In the Board’s discretion vacancies in the office of the Chairman prior to the normal expiration of a full term may be filled by the Chairman-Elect and Vice Chairman automatically moving up to the next higher office for the remaining unexpired term. In that event, the board of Directors by majority vote shall then fill the office of the Vice Chairman. Upon completion of the unexpired term, succession and election of officers shall proceed as discussed in Article IV -1. If a Chairman-Elect moves up to fill an unexpired term as Chairman, he or she is eligible to serve an additional full term as Chairman.

ARTICLE V- ELECTION PROCEDURE FOR BOARD MEMBERS

Section 1

A committee composed of the Board members who are rotating off the Board and the Executive committee shall be the Nominating and Election committee for the Board.

Section 2

The time table for election of the Board members shall be as follows: (1) the Nominating and Election Committee shall meet no later than the first Thursday in May to begin the nomination process. (2) The Nominating committee shall publish a slate of nominees to the membership of the Chamber no later than the day following the regularly scheduled Board Meeting for the month of May. (3) If no petition is filed as provided in Paragraph B of this Section, then the nominated Candidates shall be declared elected by the Board at the Board’s next regular monthly board Meeting. (4) If a valid petition is filed then the nominating Committee shall prepare a ballot with the names of all candidates arranged in alphabetical order and shall be mailed a ballot with the names of all properly nominated candidates for Director, by the Monday following the first Thursday in June. All ballots for Director must be received in the Chamber office by 4:00 p.m. local time on the third Thursday in June. (5) The Nominating committee shall immediately count the ballots at the Chamber office and issue a report of its finding to the Board of Directors at its next regularly scheduled monthly Board Meeting. The Board of Directors shall declare the number of candidates with greatest number of votes as being elected Director. The newly elected Board members shall take office the first day of July.
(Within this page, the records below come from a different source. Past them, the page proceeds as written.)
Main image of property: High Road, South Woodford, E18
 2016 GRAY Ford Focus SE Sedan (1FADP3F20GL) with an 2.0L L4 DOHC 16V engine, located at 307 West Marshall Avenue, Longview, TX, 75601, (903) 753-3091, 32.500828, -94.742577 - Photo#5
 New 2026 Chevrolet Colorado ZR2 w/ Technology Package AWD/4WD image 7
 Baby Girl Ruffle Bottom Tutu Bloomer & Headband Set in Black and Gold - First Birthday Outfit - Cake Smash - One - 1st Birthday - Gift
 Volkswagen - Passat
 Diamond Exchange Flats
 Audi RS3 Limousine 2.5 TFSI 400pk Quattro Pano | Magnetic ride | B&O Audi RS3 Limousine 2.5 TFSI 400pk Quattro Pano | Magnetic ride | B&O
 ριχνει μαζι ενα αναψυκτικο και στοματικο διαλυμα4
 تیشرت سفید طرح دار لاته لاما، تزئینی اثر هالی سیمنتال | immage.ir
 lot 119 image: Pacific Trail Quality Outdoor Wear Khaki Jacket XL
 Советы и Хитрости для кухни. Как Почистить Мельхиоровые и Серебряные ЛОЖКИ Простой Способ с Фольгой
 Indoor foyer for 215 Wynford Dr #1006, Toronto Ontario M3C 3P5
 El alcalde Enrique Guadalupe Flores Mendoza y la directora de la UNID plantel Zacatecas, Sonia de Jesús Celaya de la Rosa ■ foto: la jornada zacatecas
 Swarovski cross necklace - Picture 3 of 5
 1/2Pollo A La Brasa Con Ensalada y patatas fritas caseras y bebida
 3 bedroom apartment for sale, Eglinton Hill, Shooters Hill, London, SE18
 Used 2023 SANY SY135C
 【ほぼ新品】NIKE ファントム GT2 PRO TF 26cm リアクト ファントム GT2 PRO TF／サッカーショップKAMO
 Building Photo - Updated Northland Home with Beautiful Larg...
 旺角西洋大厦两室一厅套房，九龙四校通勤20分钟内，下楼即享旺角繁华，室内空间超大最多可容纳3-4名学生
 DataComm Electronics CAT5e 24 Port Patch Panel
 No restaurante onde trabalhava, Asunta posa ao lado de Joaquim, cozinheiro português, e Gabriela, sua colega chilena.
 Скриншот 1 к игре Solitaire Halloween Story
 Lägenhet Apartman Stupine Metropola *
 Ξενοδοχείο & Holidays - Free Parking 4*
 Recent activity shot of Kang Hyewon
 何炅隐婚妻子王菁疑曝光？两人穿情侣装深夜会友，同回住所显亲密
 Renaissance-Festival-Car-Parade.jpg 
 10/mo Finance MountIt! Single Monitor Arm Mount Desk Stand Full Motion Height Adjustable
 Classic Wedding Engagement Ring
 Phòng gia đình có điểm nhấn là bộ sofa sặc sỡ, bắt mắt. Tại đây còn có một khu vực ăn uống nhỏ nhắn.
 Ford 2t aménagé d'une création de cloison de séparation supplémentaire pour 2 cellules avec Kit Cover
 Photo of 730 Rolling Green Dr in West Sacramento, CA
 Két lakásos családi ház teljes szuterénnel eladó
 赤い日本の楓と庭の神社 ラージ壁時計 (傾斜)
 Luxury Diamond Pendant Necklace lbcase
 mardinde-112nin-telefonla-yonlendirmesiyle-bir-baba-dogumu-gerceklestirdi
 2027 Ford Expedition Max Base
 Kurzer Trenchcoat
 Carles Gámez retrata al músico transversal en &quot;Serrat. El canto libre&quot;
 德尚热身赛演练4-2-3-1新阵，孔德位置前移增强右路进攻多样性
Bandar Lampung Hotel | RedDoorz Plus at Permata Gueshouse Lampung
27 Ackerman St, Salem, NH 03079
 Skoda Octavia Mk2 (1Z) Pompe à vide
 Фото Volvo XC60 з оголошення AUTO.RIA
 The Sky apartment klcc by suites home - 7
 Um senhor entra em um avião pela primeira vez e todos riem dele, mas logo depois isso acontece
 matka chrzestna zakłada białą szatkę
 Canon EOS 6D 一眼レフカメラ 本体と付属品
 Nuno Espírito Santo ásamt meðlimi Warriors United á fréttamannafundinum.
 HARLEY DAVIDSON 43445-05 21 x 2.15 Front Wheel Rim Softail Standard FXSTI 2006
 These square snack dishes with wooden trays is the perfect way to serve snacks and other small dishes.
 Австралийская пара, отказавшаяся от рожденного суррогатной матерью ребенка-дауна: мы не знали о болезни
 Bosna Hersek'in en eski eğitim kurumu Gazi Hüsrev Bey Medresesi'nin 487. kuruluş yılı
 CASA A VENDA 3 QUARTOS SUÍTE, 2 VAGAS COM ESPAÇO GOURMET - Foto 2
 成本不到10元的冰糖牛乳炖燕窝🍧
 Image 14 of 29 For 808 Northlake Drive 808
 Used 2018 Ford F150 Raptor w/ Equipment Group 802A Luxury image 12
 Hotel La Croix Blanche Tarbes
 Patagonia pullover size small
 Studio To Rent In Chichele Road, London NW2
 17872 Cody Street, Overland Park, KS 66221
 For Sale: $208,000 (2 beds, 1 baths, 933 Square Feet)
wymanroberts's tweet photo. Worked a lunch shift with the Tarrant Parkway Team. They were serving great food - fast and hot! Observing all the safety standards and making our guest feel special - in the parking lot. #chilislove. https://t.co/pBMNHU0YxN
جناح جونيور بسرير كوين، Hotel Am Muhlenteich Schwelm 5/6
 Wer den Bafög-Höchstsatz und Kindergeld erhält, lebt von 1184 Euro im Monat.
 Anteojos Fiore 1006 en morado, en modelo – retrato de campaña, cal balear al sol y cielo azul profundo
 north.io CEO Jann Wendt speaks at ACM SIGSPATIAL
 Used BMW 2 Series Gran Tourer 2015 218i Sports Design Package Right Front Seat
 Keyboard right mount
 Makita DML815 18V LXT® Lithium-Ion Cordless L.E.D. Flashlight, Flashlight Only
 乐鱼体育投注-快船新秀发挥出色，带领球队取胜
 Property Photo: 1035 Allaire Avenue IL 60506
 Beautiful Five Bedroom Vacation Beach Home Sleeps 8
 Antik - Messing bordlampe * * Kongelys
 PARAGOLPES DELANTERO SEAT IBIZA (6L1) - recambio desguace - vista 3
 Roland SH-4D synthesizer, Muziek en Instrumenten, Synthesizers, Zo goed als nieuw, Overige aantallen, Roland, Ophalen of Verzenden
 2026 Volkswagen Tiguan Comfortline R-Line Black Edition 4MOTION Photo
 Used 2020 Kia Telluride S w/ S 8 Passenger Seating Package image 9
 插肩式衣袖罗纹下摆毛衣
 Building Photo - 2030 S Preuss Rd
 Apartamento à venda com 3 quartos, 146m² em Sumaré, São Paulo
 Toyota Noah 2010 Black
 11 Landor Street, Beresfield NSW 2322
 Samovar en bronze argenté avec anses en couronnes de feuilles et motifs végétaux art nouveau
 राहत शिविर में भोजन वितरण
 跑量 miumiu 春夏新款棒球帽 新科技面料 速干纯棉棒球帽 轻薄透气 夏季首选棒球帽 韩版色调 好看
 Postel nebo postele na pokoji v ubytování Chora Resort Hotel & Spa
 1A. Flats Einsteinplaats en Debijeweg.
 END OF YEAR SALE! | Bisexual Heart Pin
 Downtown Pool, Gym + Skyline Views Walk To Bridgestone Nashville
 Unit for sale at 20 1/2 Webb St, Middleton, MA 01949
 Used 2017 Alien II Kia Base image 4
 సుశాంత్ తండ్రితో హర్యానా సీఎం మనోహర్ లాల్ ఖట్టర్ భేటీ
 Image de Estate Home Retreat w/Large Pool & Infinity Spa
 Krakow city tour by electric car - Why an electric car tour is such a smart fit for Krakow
A. Nominations: The Nominating and Election Committee shall present to the Chairman a slate of candidates necessary to fill the appropriate vacancies to serve three-year terms to replace the Directors whose regular terms are expiring. Each candidate must be in good standing and must have agreed to accept the responsibility of a directorship.

B. Nomination by Petition: Additional names of candidates for directors can be nominated by petition bearing the genuine signatures of at least ten (10) qualified members of the Chamber. Such petition shall be filed with Nominating committee within ten (10) days after notice has been given of the names of those nominated. The determination of the Nominating and Election committee as to the legality of the petition (s) shall be final.

C. Determination: If no petition is filed within the designated period, the nominations shall be closed and the nominated slate of (number of vacancies) candidates shall be declared elected by the board of directors at their regular monthly Board meeting.

The ballots shall be marked in accordance with accordance with instructions printed on the ballot and returned to the Chamber office within ten (10) days. The board of Directors shall declare the candidates with the greatest number of votes elected, at this regular monthly board meeting.

Section 3- Seating of New Directors

All newly elected and appointed Board members shall be seated at the regular monthly board meeting and shall be participating members thereafter. Retiring Directors shall continue to serve until the end of the program year.

Section 4- Vacancies

The Board of Directors shall fill Vacancies on the Board of Directors, or among the officers, by a majority vote.

Section 5- Policy

The Board of Directors is responsible for establishing procedure and formulating policy of the organization. It is also responsible for adopting all policies of the organization. These policies shall be maintained in a policy manual, and reviewed annually for revision as necessary.

Section 6- Management

The Board of Directors shall employ a President/CEO and shall fix the salary and other considerations of employment.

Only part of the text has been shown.